Dual_Field_Alternator_Wiring.jpg
 
HOW IT WORKS. Ignition power from the switch is fed to the VR IGN terminal and to one of the two field terminals on the alternator. The power to the VR does two things, power the VR, and act as "sensing" voltage

The VR controls "the amount of ground" so to speak through the green wire.

1..........Determine if the alternator can charge. Unhook the green field wire at the alternator, hook a clip lead to the now exposed alternator terminal and hook to ground. Turn the key to "run," engine OFF. Take a voltmeter and check the blue field connection at the alternator, still hooked up, with your clip lead grounded on the opposite terminal. See if you have "close to" battery voltage at the blue wire. If you like, you can hook / unhook/ hook up the clip lead and in subdued lighting, should see a small spark, indicating the field is conducting power

If you don't see conduction, (no spark) and or have no voltage at the blue wire (key on) then you have found part of the problem, or all of it. Find out why you are not getting V on the blue wire with the key "in run."

Meanwhile, you can "substitute" for the blue wire by running a clip lead to a battery connection (starter relay large stud) to the "blue" field terminal.

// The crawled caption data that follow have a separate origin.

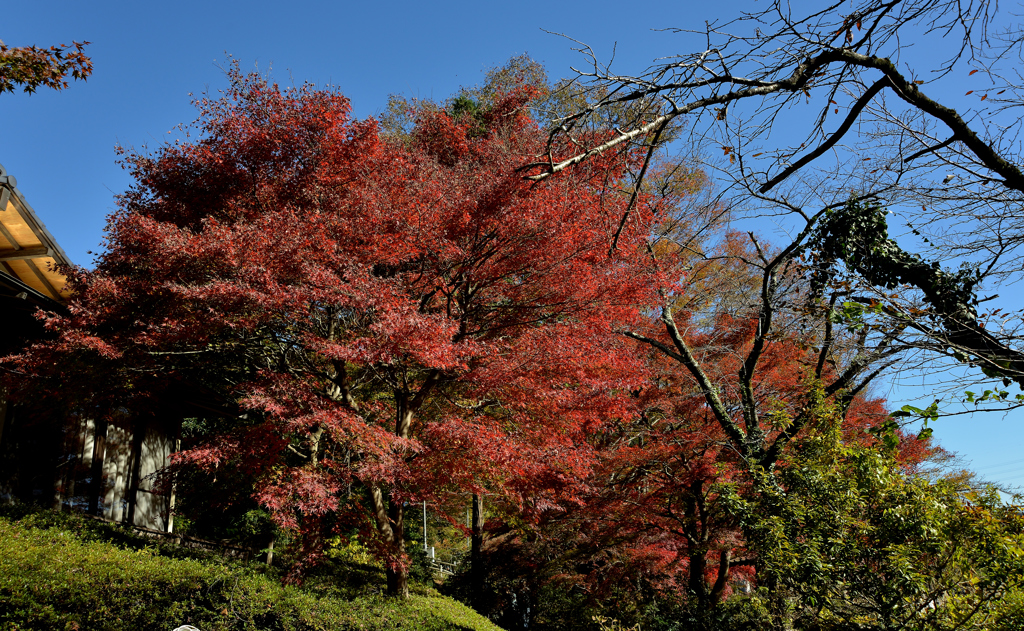 DSC_0130_00009_01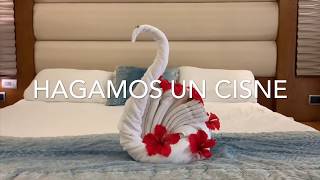 ANIMALES DE TOALLA 1  Tortuga Elefante Cisne  DIY Tutorial [upl. by Iggie]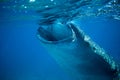 Whale shark in deep blue sea. Whale shark closeup eating plankton by sea water surface.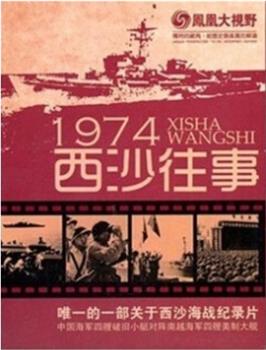 凤凰大视野：1974西沙往事观看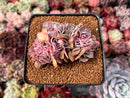 Echeveria 'Florence' Crested 2" Succulent Plant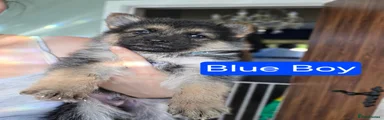 German Shepherd 3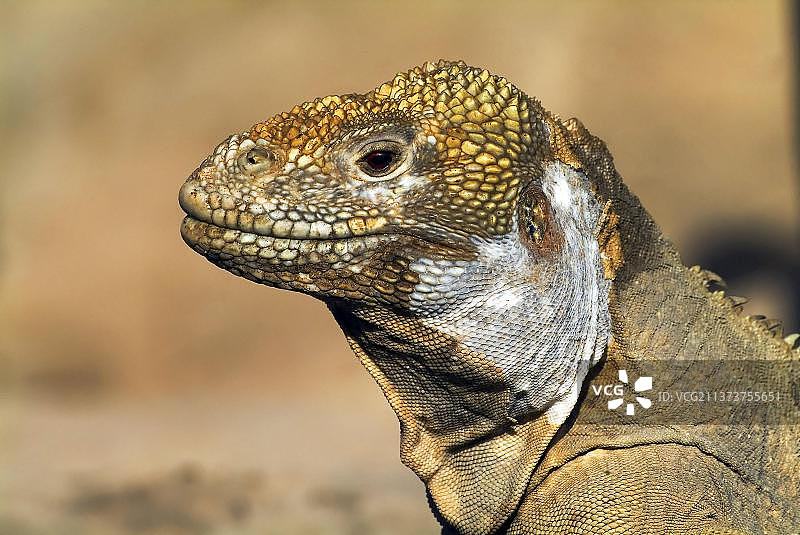 圣菲岛陆鬣（钝鼻陆鬣），厄瓜多尔加拉帕戈斯群岛，南美洲图片素材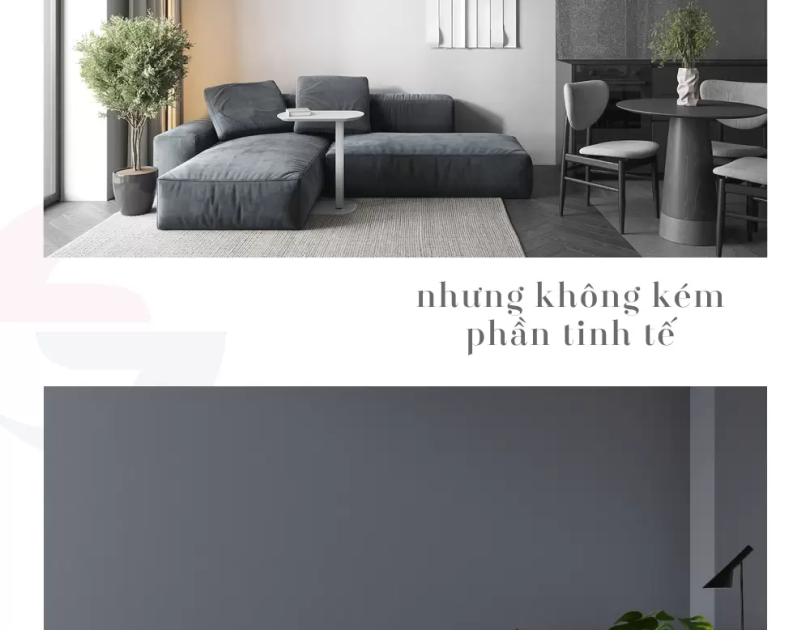 KHÁM PHÁ BỘ SƯU TẬP MÀU SẮC MỚI NHẤT - SIMPLE ELEGANT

2.....Now start the engine and slowly bring up RPM while monitoring battery voltage. V should increase, depending on how discharged the battery is, to over 13 or 14. Don't let the V get above 16.

If this does not happen, move your meter to the large black output stud. Again, bring up RPM. On a good unit, this voltage should be close to what you saw at the battery PLUS as much as 1, 1 1/2 volts or so.

IF YOU get quite high voltage at the output stud, maybe 18 or more, but low (12 or less) at the battery, YOU HAVE an open in this output wire


Let's say it DOES charge OK with the above tests. Maybe remaining field circuit problem, or bad VR?

3.....So, hook wiring up "per normal." Unplug the VR connector and inspect. Should be tight, and not corroded. "Rig" a way to jumper across the two wire terminals in the VR connector, such as small machine screws.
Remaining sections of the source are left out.